Battery life reaches up to 21 days with light use and about 12 days in typical use. High-silicon batteries increase energy density by 37 percent. Trail running mode runs up to 40 hours, a 67 percent increase. Golf integration includes over 17,000 courses worldwide with precise distance measurements between 82 points.

The watch features the new Huawei Sunflower positioning system with 20% enhanced accuracy and introduces the 32G IMU sensor for improved fall detection. Sports capabilities span skiing (three modes including snowboarding and cross-country), running with real-time form analysis, and golf with half-scoring after each ninth hole.

Watch GT 6: Emotional Intelligence for Mainstream Users

The standard GT 6 focuses on comprehensive health monitoring with emotion detection capability. According to Huawei, the watch can intelligently detect and record three different emotional states with upgraded emotional well-being features compared to previous generations. Over 100 animated “PatWatch” faces provide instant mood enhancement, while guided breathing exercises offer relaxation support.

The 41mm model features adjustable loop lugs for smaller wrists, with a rounded bezel and numbered scales creating a sleeker appearance. The purple corrugated strap combines fashion with all-day comfort, available in five color options for personalization. Construction uses 316L stainless steel that balances durability with lightweight comfort for daily wear.

Watch Ultimate 2: Extreme Adventure Technology

The Ultimate 2 represents Huawei’s direct challenge to the Apple Watch Ultra’s adventure positioning. According to Huawei, the octagonal hollow design uses zirconium-based liquid metal construction with enhanced hardness coating that triples case durability compared to previous generations. The 3,500 nit LTPO display ensures visibility in conditions where Apple Watch Ultra users struggle with screen readability.

Huawei describes a re-engineered antenna that uses the case as a booster for NFC payments, eSIM calls, and navigation in weak-signal areas. The company claims improved route precision versus competing outdoor watches. Independent testing will need to confirm this. Battery performance reaches 4.5 days with all features active, extending to 11 days in battery saver mode. For context, Apple Watch Ultra delivers 36 hours with intensive use, making Huawei’s claims significant if validated.

Golf integration spans over 70,000 course maps worldwide with AI caddy functions providing club suggestions and green slope directions. Camera control supports Insta360 and DJI devices with simple double-tap commands, transforming activity stats into dynamic video stickers for sports like hiking, biking, snowboarding, diving, and skiing. This ecosystem integration directly targets adventure content creators who find Apple Watch camera controls limited.

The X-TAP all-in-one sensing system combines ECG, PPG, and tactile sensors positioned on both the side and back of the watch for what Huawei describes as faster, more comprehensive health monitoring than competing devices. At high altitudes, real-time fingertip SpO2 measurement helps guard against altitude sickness risks that traditional wrist-based sensors may miss. AI noise reduction using an NPU earned the highest five-star certification from SGS, ensuring crystal-clear calls in wind and noise conditions where other smartwatches fail. Huawei positions these capabilities as superior to Apple Watch Ultra’s more basic health sensors and communication features.

Smartphone Innovation: Nova 14 Series Redefines Mobile Photography

Nova 14 Pro: Ultra Chroma Camera System Breakthrough

The Nova 14 Pro introduces Huawei’s first Ultra Chroma Camera system with a 50MP RYYB sensor and physical variable aperture. According to the company, color restoration accuracy has increased by 120%, with spatial resolution improvements exceeding 100,000 times compared to traditional smartphones. The XD Portrait Engine uses advanced algorithms to optimize portrait photography across multiple zoom levels.
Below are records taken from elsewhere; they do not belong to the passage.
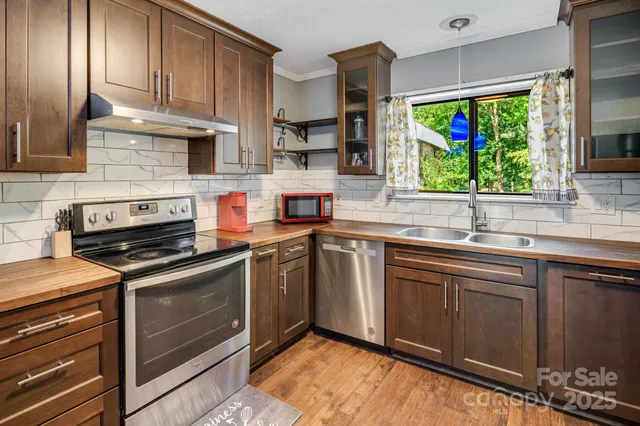 a kitchen with a wooden floor and cabinets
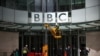 FILE - Repairmen work next to a sign at the British Broadcasting Corporation (BBC) headquarters in London, March 13, 2023. 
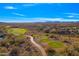 Scenic aerial view showcasing the community golf course, desert landscape, and mountain views at 2550 W Pumpkin Ridge Dr, Anthem, AZ 85086
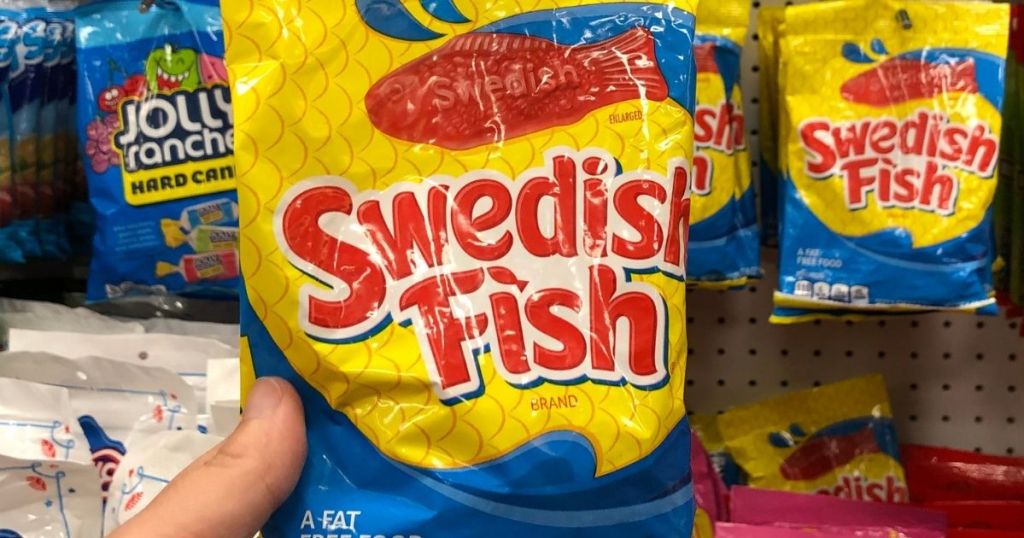hand holding a bag of Swedish Fish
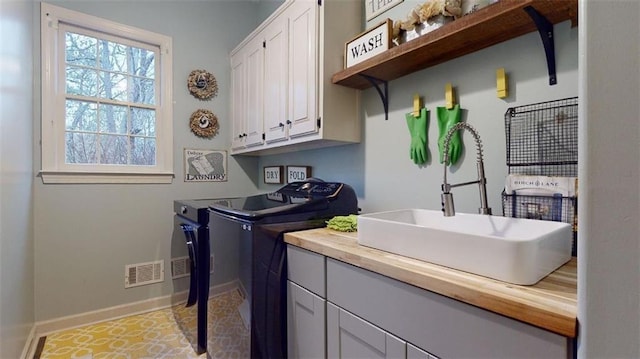 laundry area featuring sink, cabinets, washer and dryer, and light tile patterned floors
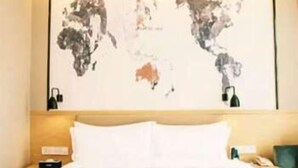 A hotel room with a large bed, a headboard with a world map, and a nightstand with a lamp. - Kyriad Hotel (Guangzhou)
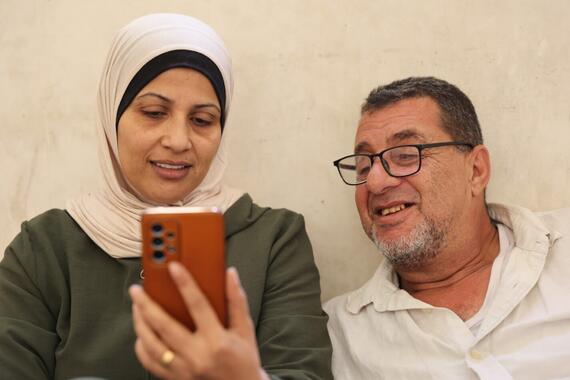A woman holds a mobile phone in her hand, a man seated next to her is also looking at the phone.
The front camera system features a 50MP ultra portrait dual camera delivering 5x digital zoom and 2x optical zoom. Huawei’s industry-exclusive zoom technology provides 0.8x to 5x range effortlessly, while the industry’s first front ultra-speed snapshot captures falling objects with remarkable clarity. Three built-in portrait themes – Natural, Delicate, and Stylish – offer immediate customization options.

The ultra-thin 7.78mm body features curved edges in Pure White, Crystal Blue, and Classical Black colors. The 6.78-inch quad-curve display supports 120Hz adaptive refresh rate, powered by a 5,500mAh battery with 100W SuperCharge Turbo. AI capabilities include Best Expression for post-capture facial adjustments and AI Remove for unwanted element elimination.

Advanced AI features extend beyond photography to interactive experiences. Lock screen games include Emoji Cross for bouncing emojis and AirHoop for gesture-controlled basketball shooting. AI messaging hides content when someone peers over shoulders, while exclusive AI gesture control enables touchless operation – scrolling videos while cooking or capturing screenshots by grabbing air.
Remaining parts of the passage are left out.